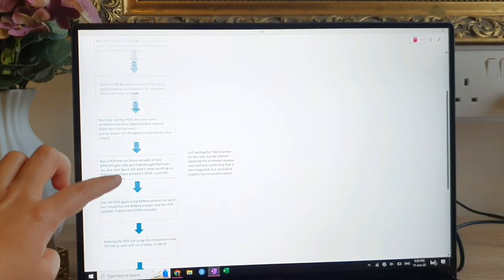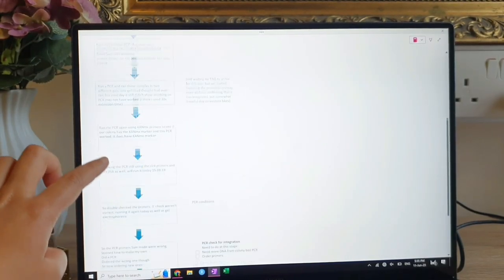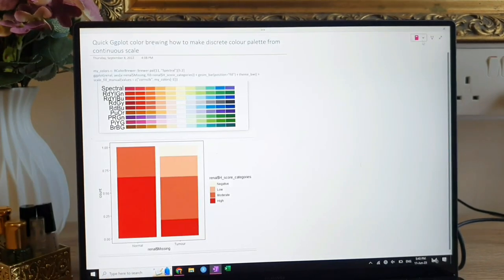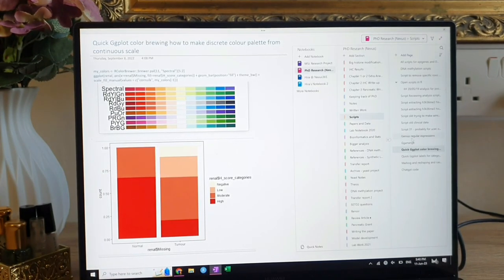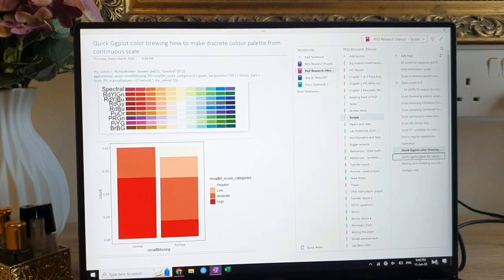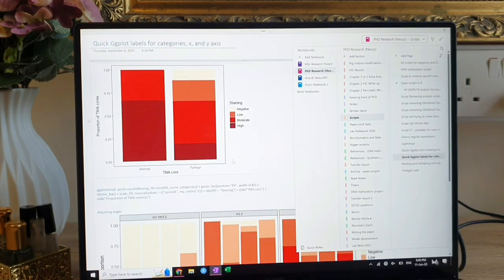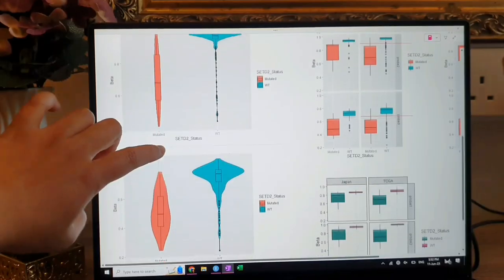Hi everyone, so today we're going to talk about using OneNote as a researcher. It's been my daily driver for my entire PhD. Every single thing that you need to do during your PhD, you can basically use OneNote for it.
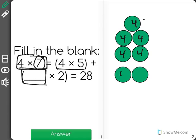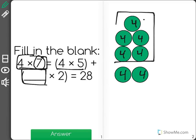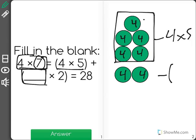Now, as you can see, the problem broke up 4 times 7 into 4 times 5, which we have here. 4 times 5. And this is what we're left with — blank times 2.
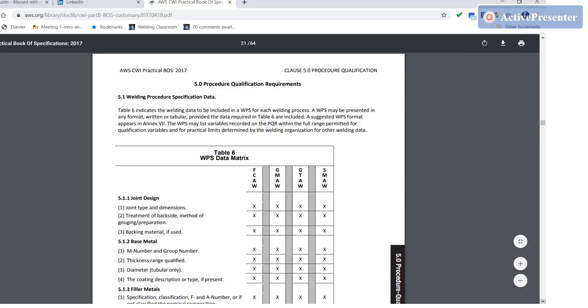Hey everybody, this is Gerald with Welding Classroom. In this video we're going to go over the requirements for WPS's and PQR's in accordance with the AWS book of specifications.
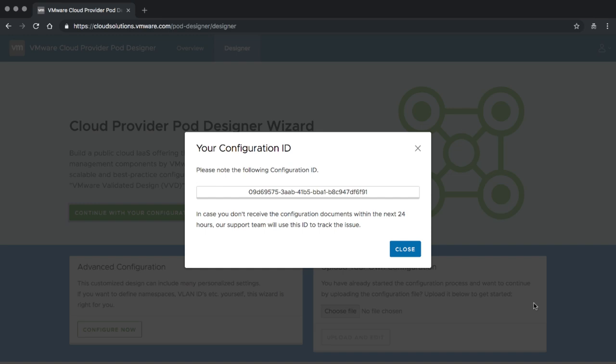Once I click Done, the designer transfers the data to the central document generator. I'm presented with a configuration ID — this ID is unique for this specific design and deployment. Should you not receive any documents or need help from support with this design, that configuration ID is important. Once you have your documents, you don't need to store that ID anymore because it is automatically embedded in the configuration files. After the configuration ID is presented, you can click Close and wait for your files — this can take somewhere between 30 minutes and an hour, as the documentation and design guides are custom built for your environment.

◆ ◆ ◆ ◆

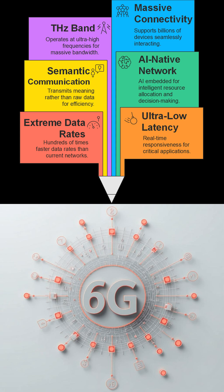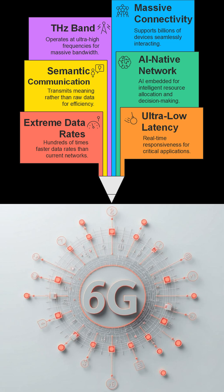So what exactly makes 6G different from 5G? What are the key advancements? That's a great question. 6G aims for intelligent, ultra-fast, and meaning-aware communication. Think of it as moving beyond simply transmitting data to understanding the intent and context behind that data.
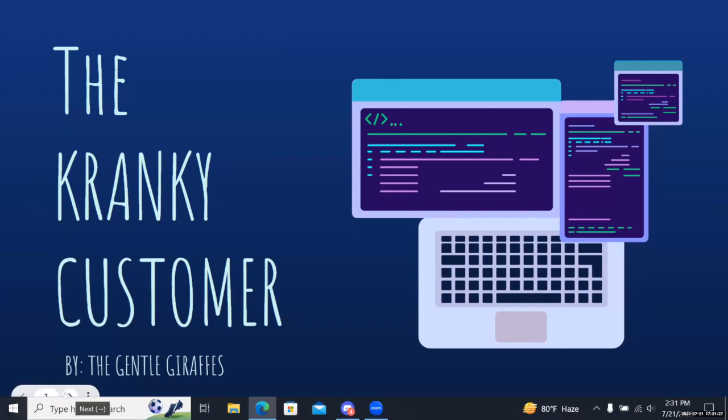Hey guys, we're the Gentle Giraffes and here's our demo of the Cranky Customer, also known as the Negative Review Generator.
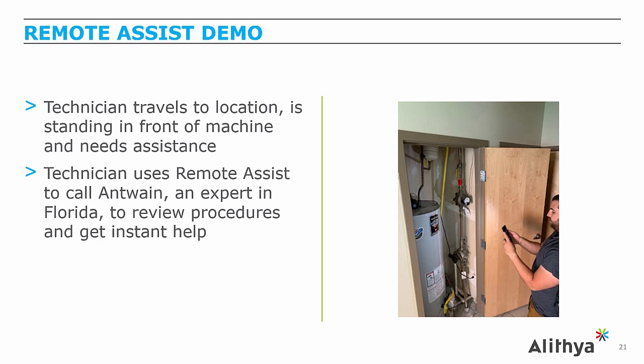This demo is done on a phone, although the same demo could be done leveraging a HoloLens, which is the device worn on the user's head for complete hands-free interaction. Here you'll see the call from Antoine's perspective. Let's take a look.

◆ ◆ ◆ ◆

Exact repeat of the material above: every line from the one with "Hey guys, we're" through the one with "This demo is", endpoints included, and nothing more. No pictures.

Hey guys, we're the Gentle Giraffes and here's our demo of the Cranky Customer, also known as the Negative Review Generator.
This demo is done on a phone, although the same demo could be done leveraging a HoloLens, which is the device worn on the user's head for complete hands-free interaction. Here you'll see the call from Antoine's perspective. Let's take a look.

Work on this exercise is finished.